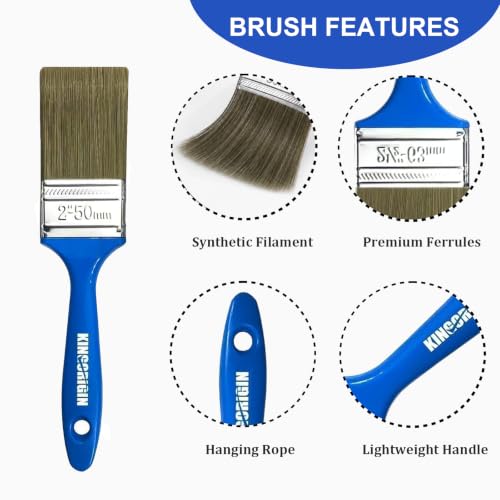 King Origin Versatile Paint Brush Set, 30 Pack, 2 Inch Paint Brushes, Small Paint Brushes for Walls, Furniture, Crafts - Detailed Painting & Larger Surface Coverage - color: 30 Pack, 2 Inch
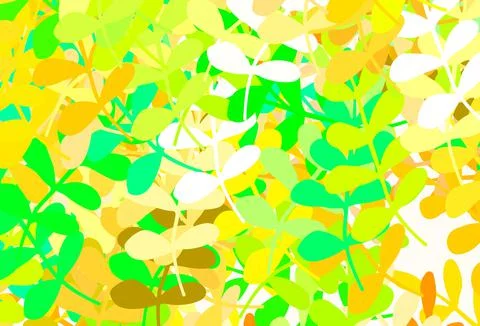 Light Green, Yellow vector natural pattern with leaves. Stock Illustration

--

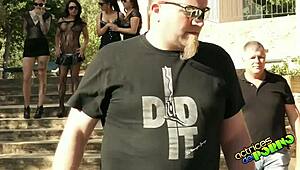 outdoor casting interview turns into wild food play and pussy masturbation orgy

REQUIRED ACTION. Your output should be the lines above from the one that contains "King Origin Versatile" through the one that contains "Light Green, Yellow", word for word, with pictures left out.

EXERCISE RESPONSE.
 King Origin Versatile Paint Brush Set, 30 Pack, 2 Inch Paint Brushes, Small Paint Brushes for Walls, Furniture, Crafts - Detailed Painting & Larger Surface Coverage - color: 30 Pack, 2 Inch
 Light Green, Yellow vector natural pattern with leaves. Stock Illustration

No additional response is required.